We are living in the church age.  It comes to an end with the rapture of the church.  And that is the beginning of the end.  That is the beginning of the day of the Lord, if you will.  The church is taken out.  The restrainer, the Holy Spirit, lets loose of the restraint of evil.  There’s the rise of antichrist.  He looks like the savior of Israel, but halfway through a period of seven years, immediately after the rapture, he desecrates the Holy of Holies, he sets up an idol, calls the whole world to worship himself, and that triggers the Great Tribulation. 

The Scripture’s clear about this.  The rapture of the church, the rise of antichrist, the abomination of desolation, the Great Tribulation – it’s called so in verse 21 of this chapter – and in that Great Tribulation, all kinds of terrorizing events take place.  They are called, in this chapter, the birth pains of the kingdom.  They are the rapid-fire, successive pains that come upon the earth that issue in the birth of the kingdom of Christ.  They come at the very end, as birth pains come at the end of a pregnancy. 

And so there is coming a time when the church is raptured, the rise of antichrist takes place, halfway through the seven-year period in which he rises to prominence, he sets himself up for the whole world to worship. He then begins to persecute Israel and worldwide slaughter takes place, the judgment of God falls as described in Revelation 6 through 18.  At the end of that time, there is the sign of the Son of Man in heaven.  We see in verses 29 to 31.  The sky falls, the heavenly bodies fall, everything in orbit loses its orbit, the powers of the heavens are shaken, and in the blackness that occurs in space, Christ appears, and that’s the sign of His coming. 

So He has said in this marvelous message, these are the signs.  But now He says, “Of the exact day and exact hour, no one knows.”  The time period, we know.  It is immediately after – it says in verse 29 – the Tribulation.  The Tribulation is that period of time in which there’s a rise of antichrist, in which there are events described in Revelation 6 to 18 as well as here.  That time can be seen clearly.  It is a time beginning with the rapture of the church. 

Then appears at the end of the Tribulation, immediately after, the sign of the Son of Man in heaven.  But how long from that sign of the Son of Man in heaven to the actual establishing of the kingdom and judgment, we don’t know.  No one knows.  And there is an interval there.  In the book of Daniel, it’s at least a 75-day interval we see, but it might even be more than that.  We don’t really know because we don’t know specifically to what Daniel refers.  But there’s a time period in there that is undefined.  And somewhere in that time period after the Tribulation, Christ is going to come in full, final glory and judgment.  But the exact moment, the exact day is not known.  And so the Lord says no one knows, not men or angels.
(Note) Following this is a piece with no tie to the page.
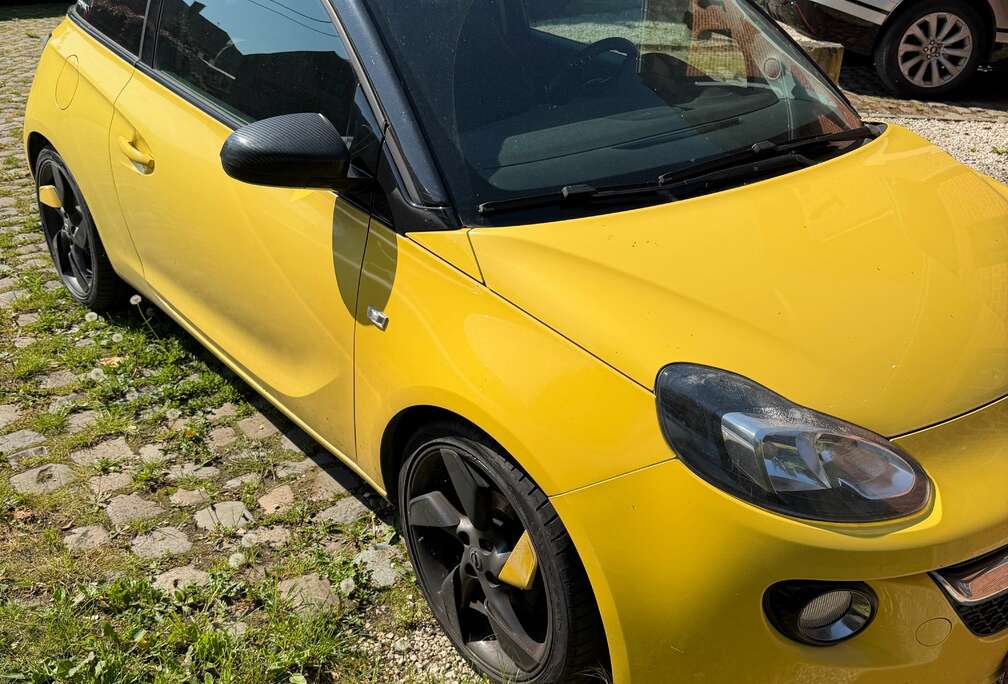 Opel Adam 1.2i Black Link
At that point in His incarnation and humiliation, He Himself did not know because the Father had not revealed that to Him, and He in His incarnation humility restricted His omniscience to that which the Father revealed to Him.  And so it is an unknown time. 

Now, that’s very important, people.  Jesus Christ’s second coming will occur at an unknown time.  We do not know when it will happen.  It could happen in any generation.  Before it happens, there will be the rapture of the church, there will be the time of Tribulation, there will be the rise of antichrist, there will be all the signs, the sign of the Son of Man in heaven, and then some time following that, Jesus Christ will come. 
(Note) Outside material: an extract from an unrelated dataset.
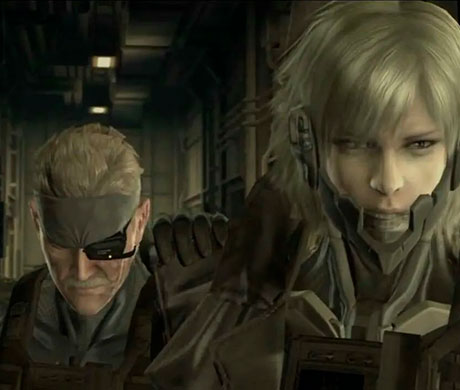 Imagen de Snake con su manos obre el hombre de Raiden mientras hablan en el juego Metal Gear Solid 4.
But remember this:  All of those things, from the rapture of the church to the second coming, will happen very rapidly, won’t they?  The Tribulation itself is seven years and the second coming comes immediately after that.  So in about a seven-year period, the end of human history will occur.  And in the 32nd to the 35th verse of this chapter, we read that the generation that is alive when the signs begin will be there when Jesus comes.  In other words, it’s going to happen so fast that it’ll happen all in one generation – in fact, in one very brief period of time.  Once it starts, it will be over very rapidly.  It could come on this generation, for if the rapture of the church were to occur immediately – and it could – there’s nothing that has to precede the rapture.  If it were to occur right now, then this generation would live through all of these signs to the second coming of Christ – provided they survived.  A third of them will be massacred, a fourth of them will be massacred in another holocaust.  Wars and so forth will slaughter others.  The antichrist will massacre all that he can.  If a person lives to see the end, it will happen that fast that if they saw the start and survived the events, they’ll be around to see the end.  So it could come at any time on any generation. 
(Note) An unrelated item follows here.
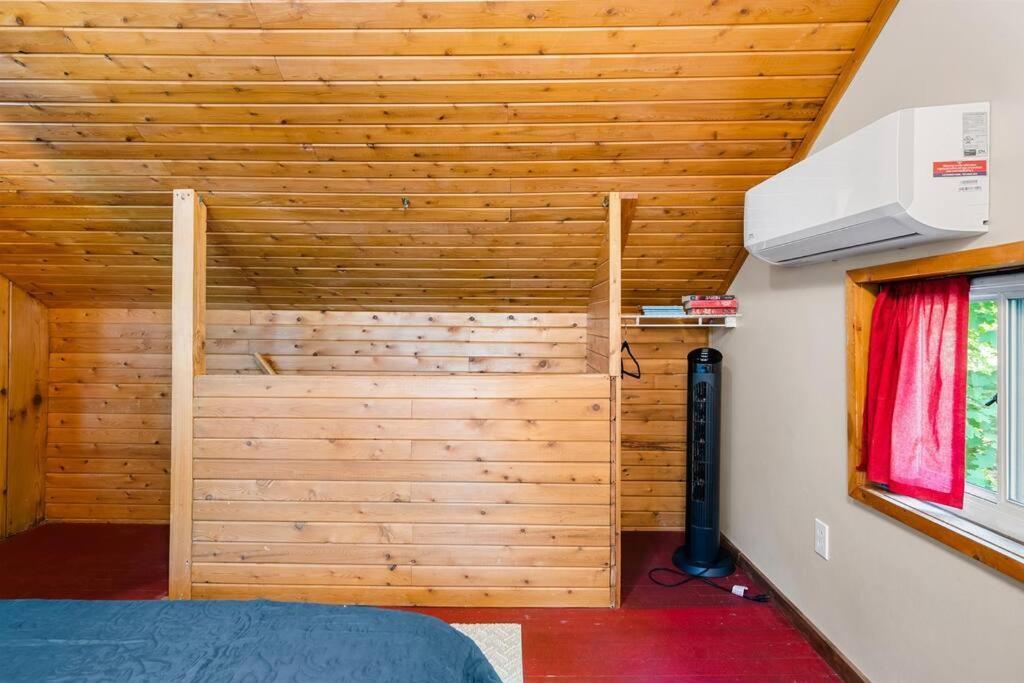 Cabin On Beautiful Arbutus Lake Near Traverse City Zewnętrze zdjęcie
Now, what is to be our response to this sudden coming of Christ?  What is to be our response to the end of the age?  First of all, we saw in our last study, alertness.  Look at verse 37:  “But as the days of Noah were, so shall also the coming of the Son of Man be, for as in the days that were before the flood, they were eating and drinking, marrying and giving in marriage, until the day that Noah entered into the ark, and knew not until the flood came and took them all away, so shall also the coming of the Son of Man be.” 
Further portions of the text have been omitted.